__PROBLEM TO SOLVE__:
I would like the lines below, from the one with "In this video, let's" through the one with "The scheduled RFC", copied exactly and without any pictures.

__RECORDS FOR THE TASK__:
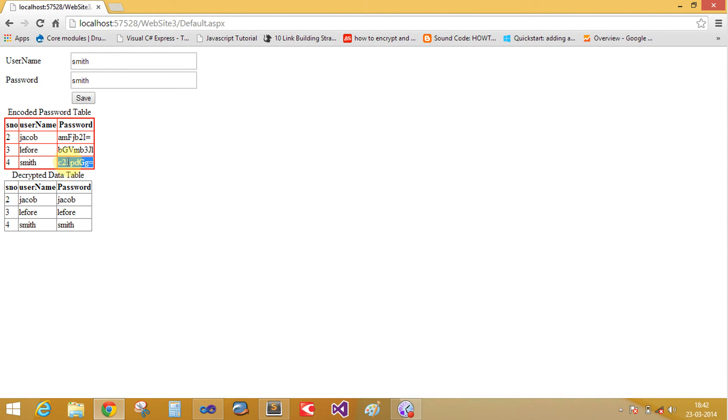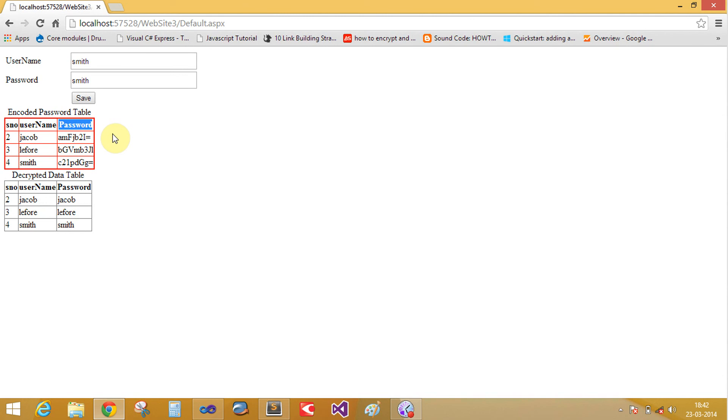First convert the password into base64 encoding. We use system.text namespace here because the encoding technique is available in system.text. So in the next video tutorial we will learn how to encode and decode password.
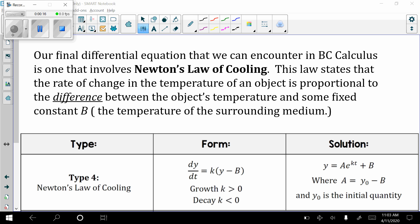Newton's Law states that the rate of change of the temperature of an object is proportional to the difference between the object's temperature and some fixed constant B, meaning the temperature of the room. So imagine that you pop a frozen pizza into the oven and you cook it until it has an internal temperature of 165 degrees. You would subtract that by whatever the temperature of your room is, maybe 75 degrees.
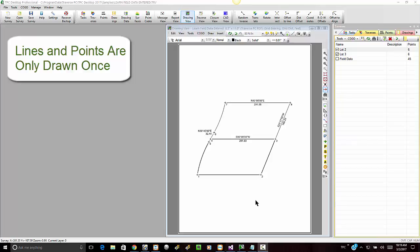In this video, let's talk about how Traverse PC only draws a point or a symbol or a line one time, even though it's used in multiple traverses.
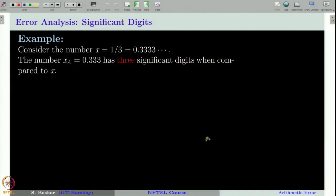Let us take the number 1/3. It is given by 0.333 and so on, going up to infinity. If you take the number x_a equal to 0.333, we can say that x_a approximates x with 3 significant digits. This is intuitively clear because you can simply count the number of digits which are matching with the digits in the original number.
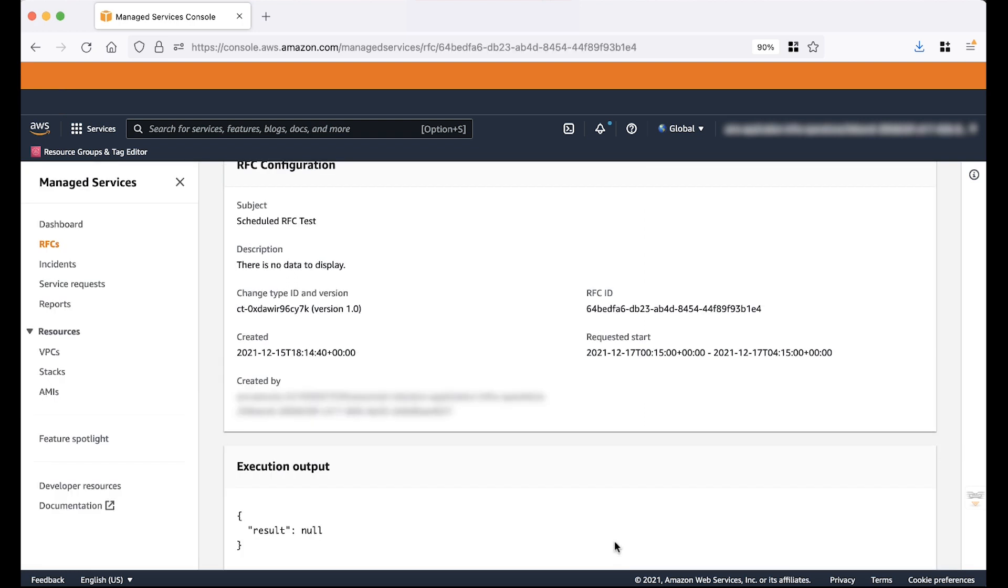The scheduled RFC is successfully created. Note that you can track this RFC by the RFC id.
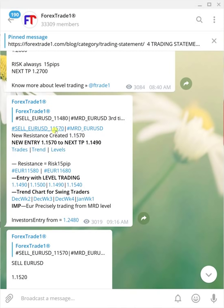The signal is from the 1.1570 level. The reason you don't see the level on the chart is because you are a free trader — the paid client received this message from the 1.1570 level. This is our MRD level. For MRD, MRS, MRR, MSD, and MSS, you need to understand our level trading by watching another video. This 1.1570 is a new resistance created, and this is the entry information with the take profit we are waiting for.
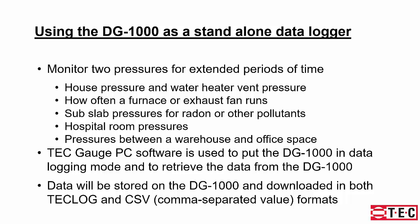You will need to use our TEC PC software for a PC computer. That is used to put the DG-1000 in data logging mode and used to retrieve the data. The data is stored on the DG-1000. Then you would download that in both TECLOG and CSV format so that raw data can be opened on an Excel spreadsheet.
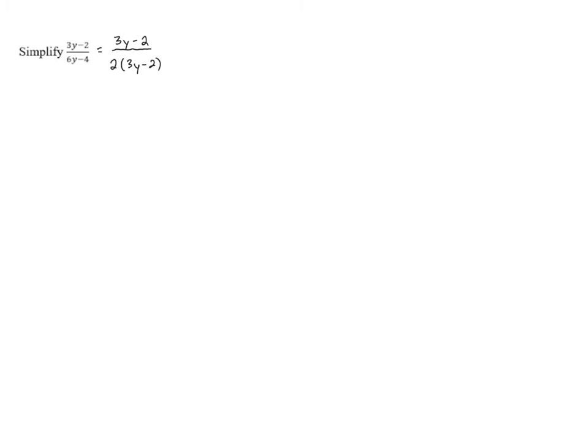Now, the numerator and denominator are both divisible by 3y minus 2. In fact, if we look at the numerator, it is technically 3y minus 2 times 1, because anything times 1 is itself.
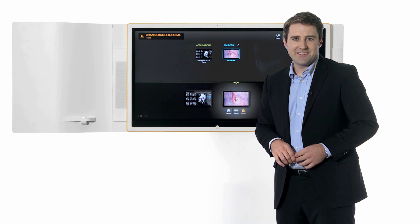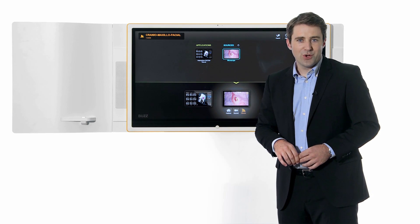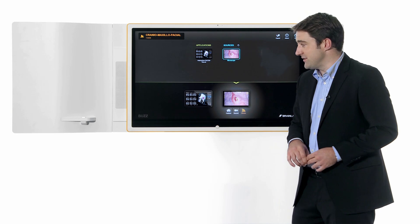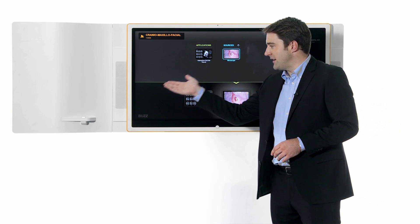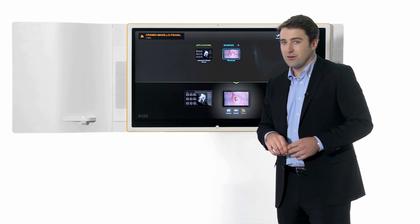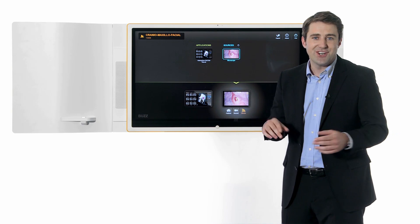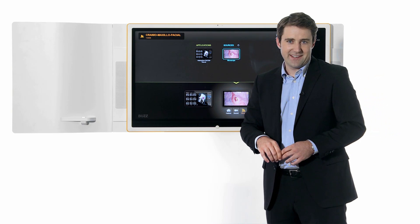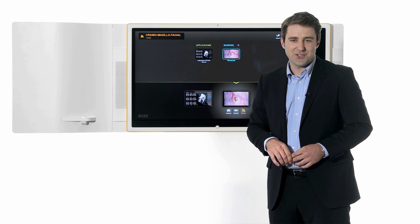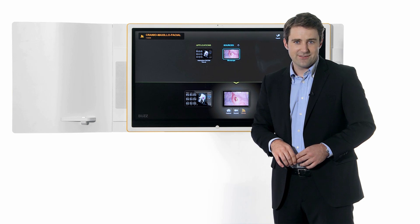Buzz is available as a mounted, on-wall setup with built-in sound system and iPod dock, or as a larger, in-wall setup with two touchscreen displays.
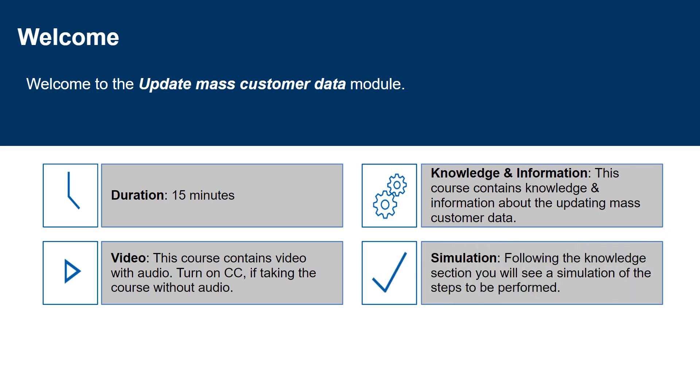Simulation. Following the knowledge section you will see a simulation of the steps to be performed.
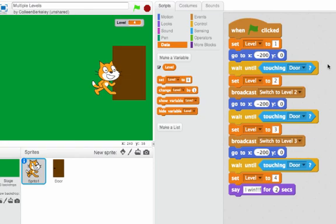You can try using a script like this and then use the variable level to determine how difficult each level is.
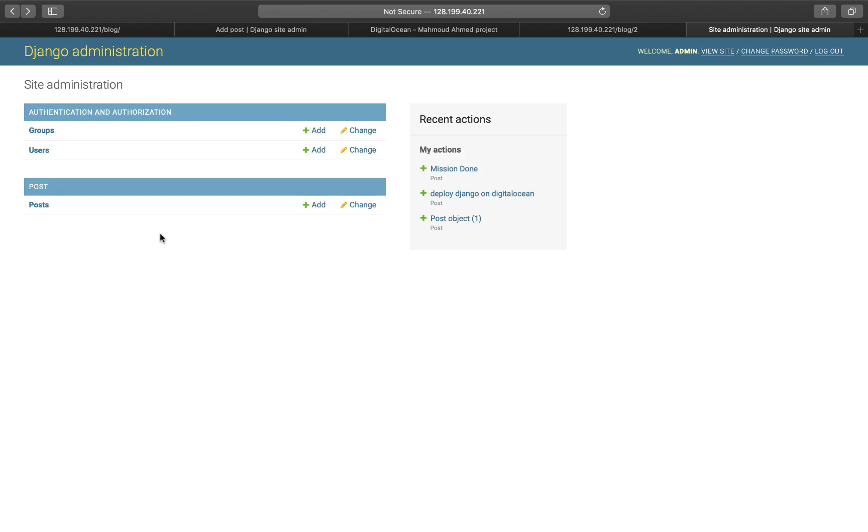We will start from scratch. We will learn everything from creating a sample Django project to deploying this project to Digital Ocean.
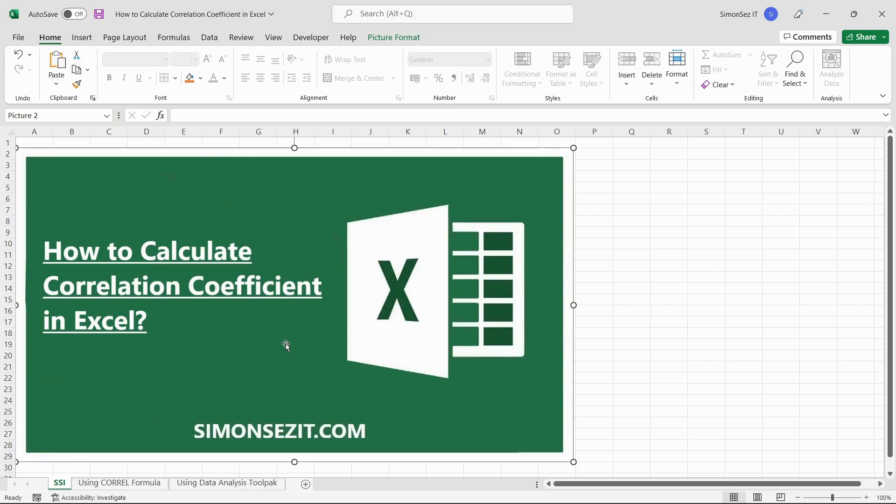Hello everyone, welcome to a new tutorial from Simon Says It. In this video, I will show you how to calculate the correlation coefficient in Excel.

__SOLUTION__:
In this video, let's talk about how Traverse PC only draws a point or a symbol or a line one time, even though it's used in multiple traverses.
Let us take the number 1/3. It is given by 0.333 and so on, going up to infinity. If you take the number x_a equal to 0.333, we can say that x_a approximates x with 3 significant digits. This is intuitively clear because you can simply count the number of digits which are matching with the digits in the original number.
The scheduled RFC is successfully created. Note that you can track this RFC by the RFC id.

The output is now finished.